Teleislas
- Type: Free-to-air television network
- Country: Colombia
- Broadcast area: San Andrés and Providencia Nationwide (cable and satellite)
- Headquarters: San Andrés

Programming
- Languages: Spanish English San Andrés Creole
- Picture format: 1080i HDTV (downscaled to 480i for the SDTV feed)

History
- Founded: July 10, 1973 (Simón Bolívar station owned by Inravisión) 1997 (Channel Seven) 2004 (Teleislas)
- Founder: Inravisión

Links
- Website: www.teleislas.gov.co

Availability

Terrestrial
- Analog VHF/UHF: Listings may vary

= Teleislas =

Colombian television network

Teleislas is a Colombian regional public television channel, with headquarters in the island of San Andrés and covering San Andrés and Providencia, located in the Caribbean. The station launched in 1973 as an independent Inravisión station, older even than Teleantioquia, later it became an independent channel (Channel Seven) before becoming its current form in 2004. Its programming is general, and broadcasts in Spanish, English and San Andrés Creole.

==History==
The station started broadcasting in on June 10, 1973, (Note: RTVC claims the station started broadcasting in 1974) as Estación Autónoma Simón Bolívar, set up by Inravisión, which had its own studios and editing suite. It was set up at the initiative of Inravisión president Misael Pastrana Borrero. Its output was a mix of national programs seen on two of the mainland channels (Cadena 1 and Cadena 2), as well as local productions such as Searchlight and Creole Show. The station was also used as a testing ground for future innovations on national television: it broadcast the 1978 FIFA World Cup final while mainlanders still saw it in black and white, which was also the station's first satellite broadcast. Local programming was done with a limited budget.

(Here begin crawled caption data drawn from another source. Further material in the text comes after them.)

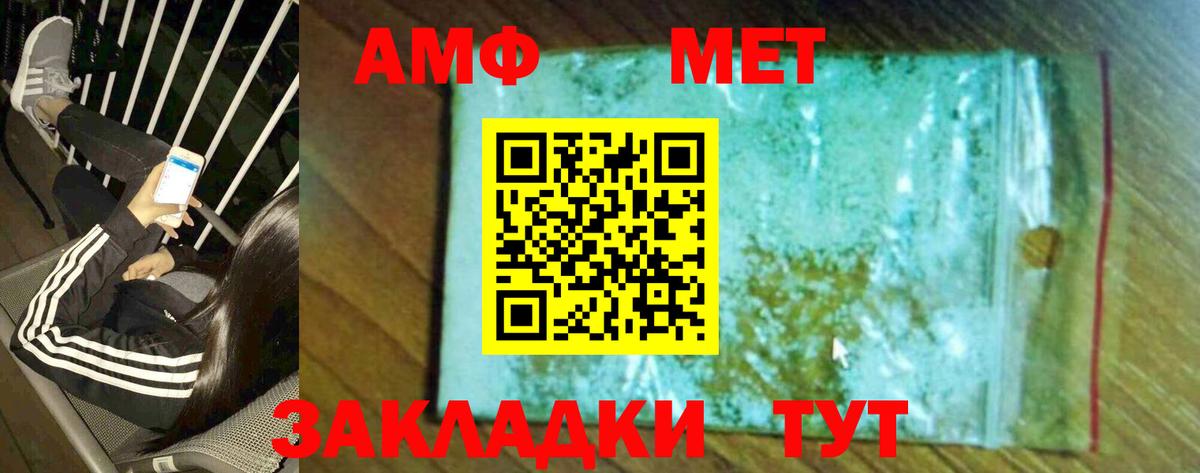 Белореченск  МЕТАМФЕТАМИН Декстрометамфетамин 99.9%  Вход с VPN  МЕТАМФЕТАМИН Декстрометамфетамин 99.9% 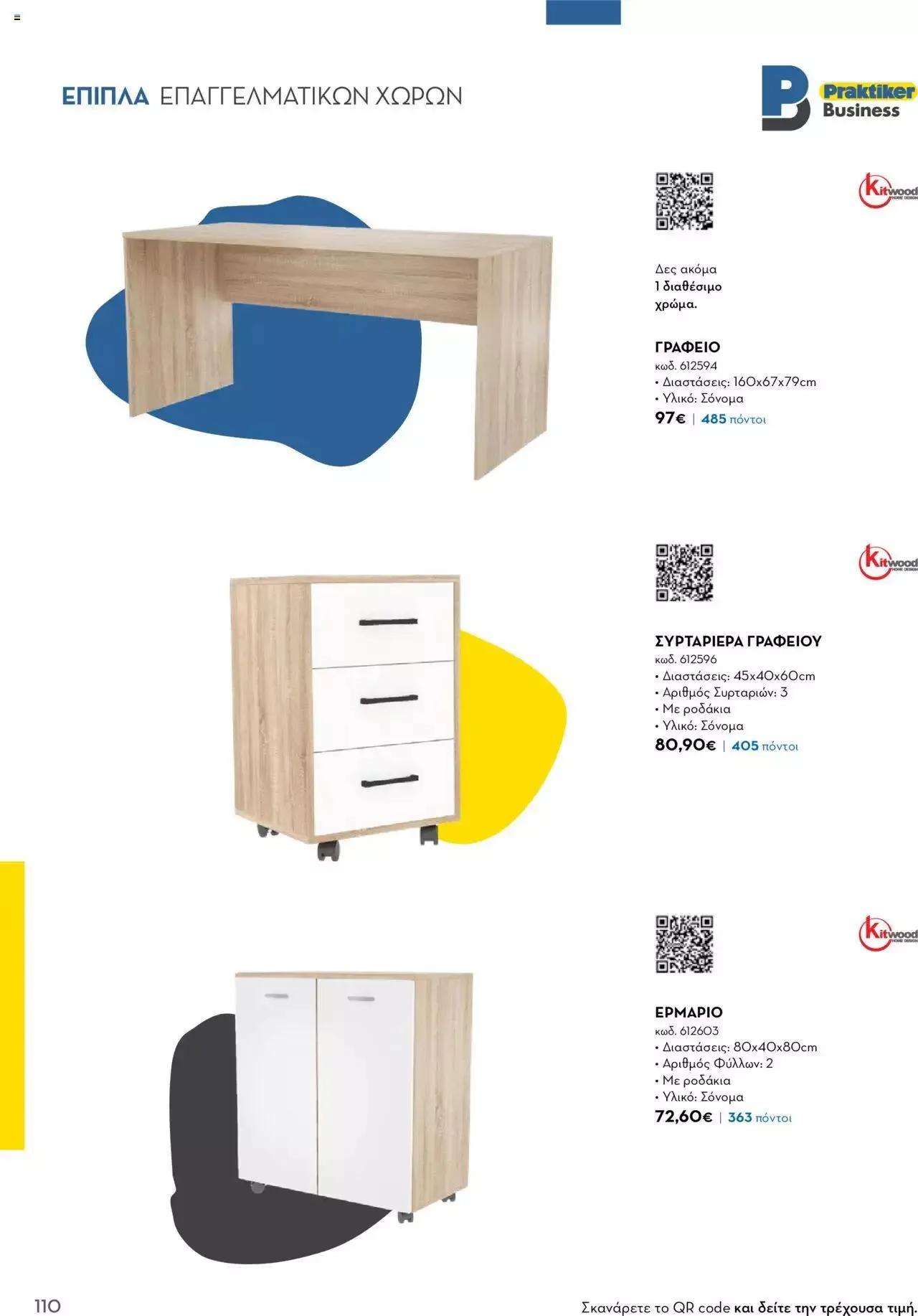 Φυλλάδιο προσφορών Praktiker - Κατάλογος Business από 16 Μαΐου έως 31 Δεκεμβρίου 2023 - Σελίδα 110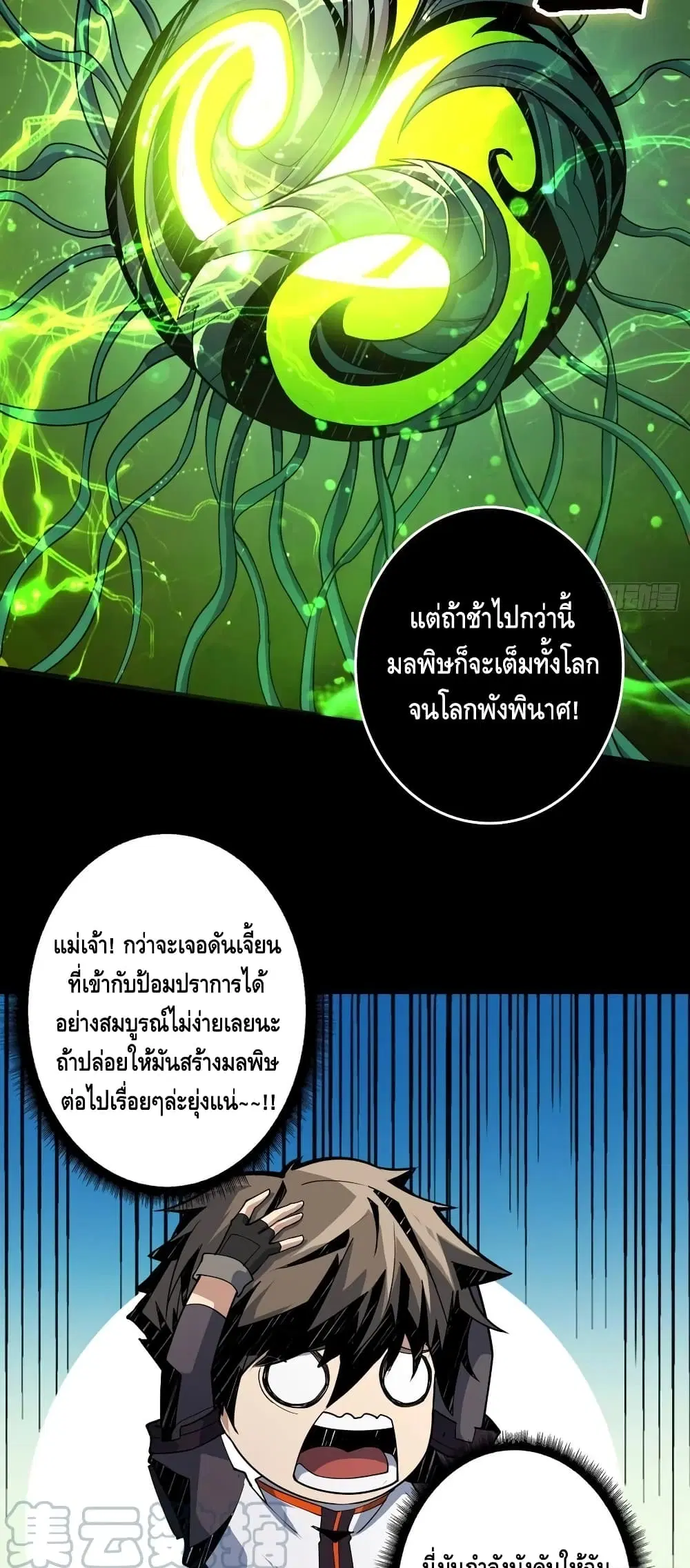 King Account at the Start ตอนที่ 149 หน้า 6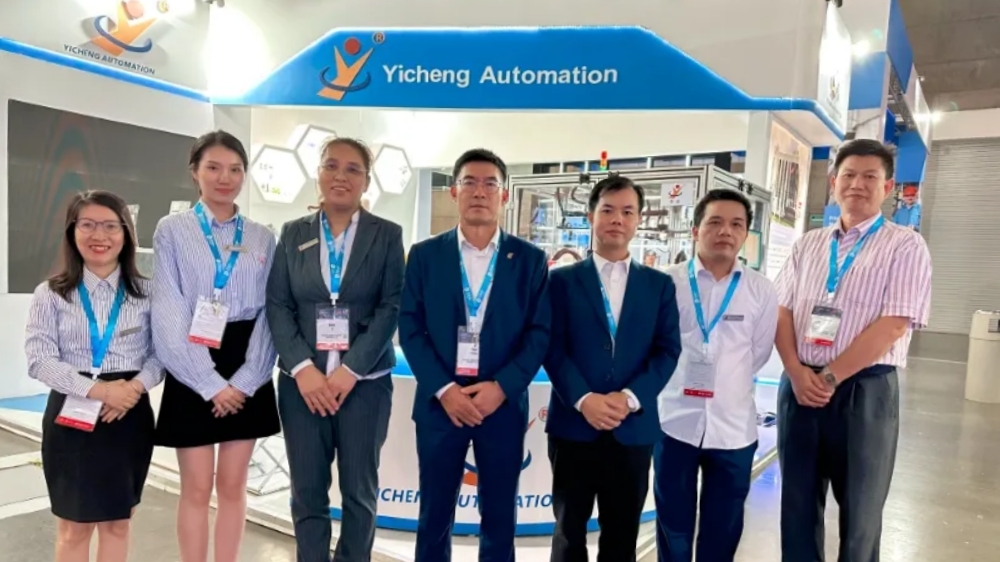 Yicheng Automation nahm an der industriellen Transformation in Mexiko teil 2023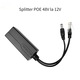 Разделител Gigabit PoE 48V към 12V, 1.2A, DC конектор, черен
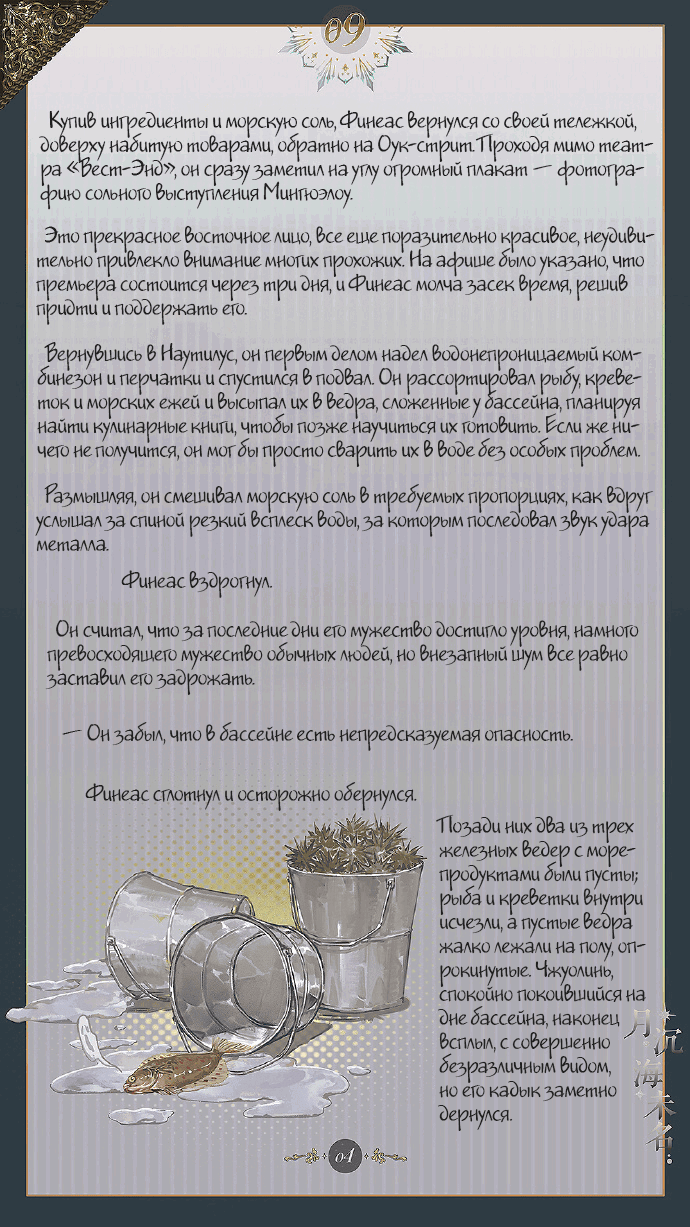 Манга Луна, тонущая в безымянном море - Глава 10 Страница 5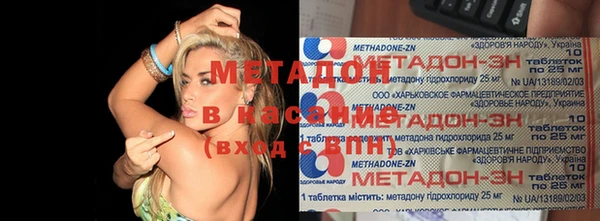 2c-b Осинники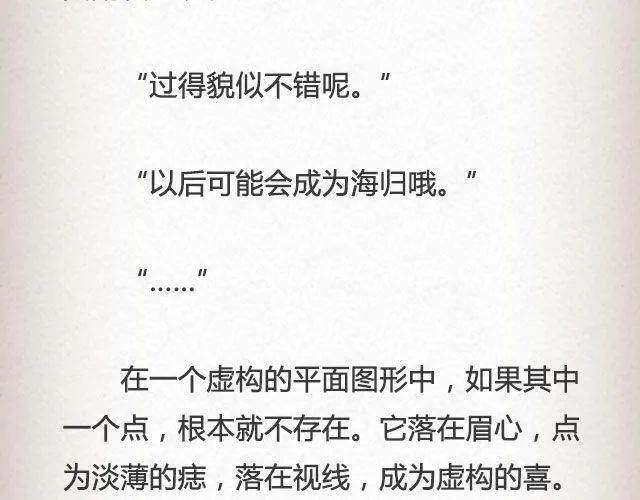 黑森林不说再见 （下）| @苏陌年 第17页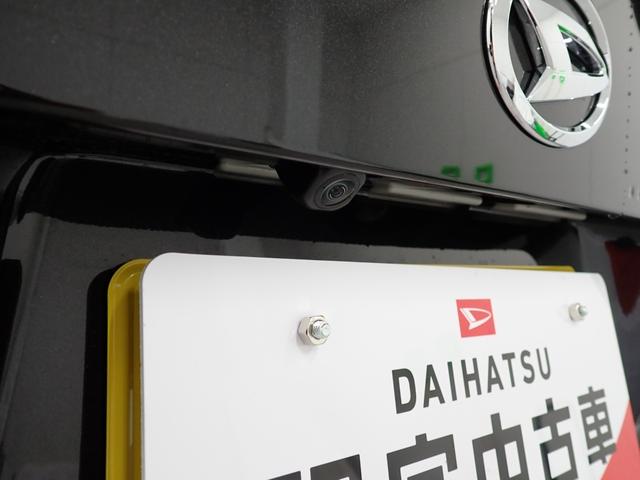ムーヴＧ（岐阜県）の中古車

In 1984, a formal proposal to create Teleislas was proposed and accepted. By 1987, there were more local programs on air, adopting the name "Channel Seven" in popular jargon. This arrangement lasted until 1991, when the autonomous station ceased operating and was replaced by a composite relay of Cadena Uno and Cadena Dos (later Canal A) delivered using microwave. This composite feed ended in 1995, when Inravisión started delivering satellite feeds of its three channels (now also enabling relays of Canal 3), as well as installing transmitters for their respective relays. In 1997, an independent Teleislas entity was created, whereas full regional programming resumed in 2004, for six hours a day. In January 2005, the station was not available in Providencia, as the National Television Council was still pending approval for a television transmitter there.

On April 14, 2005, a group protested at Channel Seven/Teleislas's facilities, demanding more local programs regarding their culture, and the sacking of Katherine Méndez de Ávila, on the grounds that she didn't speak English. In the late 2000s, its productions were seen abroad on Región Colombia Internacional.

In July 2015, Teleislas started digital terrestrial television broadcasts.

In September 2023, the station's new headquarters at San Andrés were announced, costing COP$14,500, with an additional COP$10,000 in technological upgrades. The ICT Ministry announced on August 1, 2025, that it would initiate a public contest to select Raizal artwork for use in the station's new facilities.

==Raizal TV==
Raizal TV is a side channel created by Teleislas on July 8, 2022, broadcasting on LCN 108 or 109, depending on the area of coverage. Initially, the channel did not afford a 24-hour schedule; as of 2025, its line-up consisted of Teleislas programs for 30% of the schedule, while the rest consisted of relays of CaribVision, a pan-Caribbean television network. The channel broadcasts entirely in San Andrés Creole (some Teleislas programs) and English.